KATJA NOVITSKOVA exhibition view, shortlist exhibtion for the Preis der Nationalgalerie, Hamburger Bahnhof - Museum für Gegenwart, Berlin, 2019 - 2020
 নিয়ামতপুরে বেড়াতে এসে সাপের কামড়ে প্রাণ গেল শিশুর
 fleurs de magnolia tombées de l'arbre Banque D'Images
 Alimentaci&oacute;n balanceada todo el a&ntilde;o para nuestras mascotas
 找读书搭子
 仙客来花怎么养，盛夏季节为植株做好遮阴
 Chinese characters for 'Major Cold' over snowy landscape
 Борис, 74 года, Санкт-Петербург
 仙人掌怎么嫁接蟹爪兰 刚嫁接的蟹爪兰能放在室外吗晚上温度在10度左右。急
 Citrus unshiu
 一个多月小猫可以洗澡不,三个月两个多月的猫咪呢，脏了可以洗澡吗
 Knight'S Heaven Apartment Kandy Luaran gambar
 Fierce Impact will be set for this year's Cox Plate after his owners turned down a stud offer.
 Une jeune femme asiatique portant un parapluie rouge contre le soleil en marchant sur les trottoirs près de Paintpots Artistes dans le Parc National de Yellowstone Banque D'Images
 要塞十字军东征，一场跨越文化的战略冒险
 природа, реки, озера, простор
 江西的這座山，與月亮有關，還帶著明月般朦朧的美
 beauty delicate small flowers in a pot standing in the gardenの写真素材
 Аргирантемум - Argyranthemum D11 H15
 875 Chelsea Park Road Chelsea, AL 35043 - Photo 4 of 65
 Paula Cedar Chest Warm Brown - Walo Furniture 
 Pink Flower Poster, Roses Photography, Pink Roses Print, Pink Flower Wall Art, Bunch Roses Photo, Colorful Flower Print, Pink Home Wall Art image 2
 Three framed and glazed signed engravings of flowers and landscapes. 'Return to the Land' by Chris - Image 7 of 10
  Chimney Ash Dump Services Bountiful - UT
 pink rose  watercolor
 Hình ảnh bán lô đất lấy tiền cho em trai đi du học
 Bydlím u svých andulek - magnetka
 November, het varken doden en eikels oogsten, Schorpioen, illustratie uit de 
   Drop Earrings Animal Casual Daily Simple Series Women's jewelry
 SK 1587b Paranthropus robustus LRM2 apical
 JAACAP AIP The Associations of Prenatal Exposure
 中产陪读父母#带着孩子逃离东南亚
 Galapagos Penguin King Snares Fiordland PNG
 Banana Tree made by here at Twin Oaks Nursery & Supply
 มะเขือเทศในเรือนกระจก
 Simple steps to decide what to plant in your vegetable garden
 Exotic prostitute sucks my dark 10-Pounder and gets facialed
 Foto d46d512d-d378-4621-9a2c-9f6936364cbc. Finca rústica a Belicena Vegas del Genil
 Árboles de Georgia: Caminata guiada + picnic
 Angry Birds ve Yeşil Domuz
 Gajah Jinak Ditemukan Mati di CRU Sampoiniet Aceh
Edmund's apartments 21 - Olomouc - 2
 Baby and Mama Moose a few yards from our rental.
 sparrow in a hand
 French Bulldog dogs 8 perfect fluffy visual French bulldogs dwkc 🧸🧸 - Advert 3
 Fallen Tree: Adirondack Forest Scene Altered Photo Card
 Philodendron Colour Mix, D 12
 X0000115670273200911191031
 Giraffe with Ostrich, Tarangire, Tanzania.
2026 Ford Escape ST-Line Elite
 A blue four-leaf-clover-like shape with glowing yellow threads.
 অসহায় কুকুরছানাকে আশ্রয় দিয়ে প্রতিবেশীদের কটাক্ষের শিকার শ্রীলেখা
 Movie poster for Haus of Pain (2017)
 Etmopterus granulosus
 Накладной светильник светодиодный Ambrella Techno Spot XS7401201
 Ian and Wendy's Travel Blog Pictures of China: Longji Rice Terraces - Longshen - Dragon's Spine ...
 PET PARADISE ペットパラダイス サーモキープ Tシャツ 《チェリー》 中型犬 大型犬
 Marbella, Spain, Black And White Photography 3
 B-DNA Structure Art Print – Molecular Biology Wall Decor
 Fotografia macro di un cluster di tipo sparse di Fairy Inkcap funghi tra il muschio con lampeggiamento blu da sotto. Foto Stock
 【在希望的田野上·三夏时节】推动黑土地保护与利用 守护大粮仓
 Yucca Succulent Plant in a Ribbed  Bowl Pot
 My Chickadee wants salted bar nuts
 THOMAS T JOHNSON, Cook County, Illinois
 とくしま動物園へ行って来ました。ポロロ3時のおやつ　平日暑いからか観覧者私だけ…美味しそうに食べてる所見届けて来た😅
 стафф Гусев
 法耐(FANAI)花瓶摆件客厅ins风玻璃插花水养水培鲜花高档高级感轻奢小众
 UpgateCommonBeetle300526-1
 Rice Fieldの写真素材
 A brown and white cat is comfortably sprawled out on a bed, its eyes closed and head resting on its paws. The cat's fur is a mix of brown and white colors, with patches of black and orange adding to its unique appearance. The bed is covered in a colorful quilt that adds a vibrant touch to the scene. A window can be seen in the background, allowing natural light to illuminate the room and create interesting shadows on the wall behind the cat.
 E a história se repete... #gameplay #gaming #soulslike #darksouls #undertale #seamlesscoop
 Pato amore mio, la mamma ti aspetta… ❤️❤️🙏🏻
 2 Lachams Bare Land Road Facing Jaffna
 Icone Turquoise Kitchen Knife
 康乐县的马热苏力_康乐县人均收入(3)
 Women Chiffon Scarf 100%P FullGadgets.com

+ + + +

▶ **WHAT YOU ARE ASKED TO DO**:
Looking at the entries above, work out how many lines contain "Images", then reply with that number and no other words.

▶ **RESPONSE TO THE EXERCISE**:
2